* _EXTRACTED MATERIAL_:

+---+

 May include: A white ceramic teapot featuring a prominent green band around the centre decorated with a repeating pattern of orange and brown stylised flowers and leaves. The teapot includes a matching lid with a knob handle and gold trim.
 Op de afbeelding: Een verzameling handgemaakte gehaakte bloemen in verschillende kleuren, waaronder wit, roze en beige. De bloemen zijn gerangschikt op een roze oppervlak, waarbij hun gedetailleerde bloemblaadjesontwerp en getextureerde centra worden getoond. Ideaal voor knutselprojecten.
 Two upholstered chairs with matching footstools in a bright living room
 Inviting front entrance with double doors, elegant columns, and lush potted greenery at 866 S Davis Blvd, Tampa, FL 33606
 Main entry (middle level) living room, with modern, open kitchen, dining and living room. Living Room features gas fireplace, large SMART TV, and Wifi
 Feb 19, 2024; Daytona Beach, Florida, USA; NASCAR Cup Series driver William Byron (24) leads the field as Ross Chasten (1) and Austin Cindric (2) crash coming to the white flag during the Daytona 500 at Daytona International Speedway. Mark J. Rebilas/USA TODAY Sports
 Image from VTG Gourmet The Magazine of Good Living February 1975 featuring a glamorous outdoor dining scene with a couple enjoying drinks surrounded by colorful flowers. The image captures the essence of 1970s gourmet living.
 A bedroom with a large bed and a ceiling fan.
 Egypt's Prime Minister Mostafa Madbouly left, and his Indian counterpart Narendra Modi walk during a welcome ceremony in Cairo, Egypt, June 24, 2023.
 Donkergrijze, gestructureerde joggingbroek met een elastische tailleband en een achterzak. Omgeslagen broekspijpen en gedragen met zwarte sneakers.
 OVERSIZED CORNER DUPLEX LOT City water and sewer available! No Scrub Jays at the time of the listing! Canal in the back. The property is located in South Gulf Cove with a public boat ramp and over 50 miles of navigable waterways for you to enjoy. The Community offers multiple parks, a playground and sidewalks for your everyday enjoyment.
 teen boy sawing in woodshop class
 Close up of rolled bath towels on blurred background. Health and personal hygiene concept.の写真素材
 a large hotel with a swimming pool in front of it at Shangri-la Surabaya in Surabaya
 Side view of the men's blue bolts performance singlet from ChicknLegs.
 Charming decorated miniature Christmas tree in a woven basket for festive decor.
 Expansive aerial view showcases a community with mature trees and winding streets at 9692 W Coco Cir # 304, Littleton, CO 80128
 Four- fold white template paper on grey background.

+---+

* _ASSIGNMENT_: Nothing but the lines from the one containing "Expansive aerial view" to the last line of the listing above belongs in the answer; restate each word for word.

* _REPLY_:
 Expansive aerial view showcases a community with mature trees and winding streets at 9692 W Coco Cir # 304, Littleton, CO 80128
 Four- fold white template paper on grey background.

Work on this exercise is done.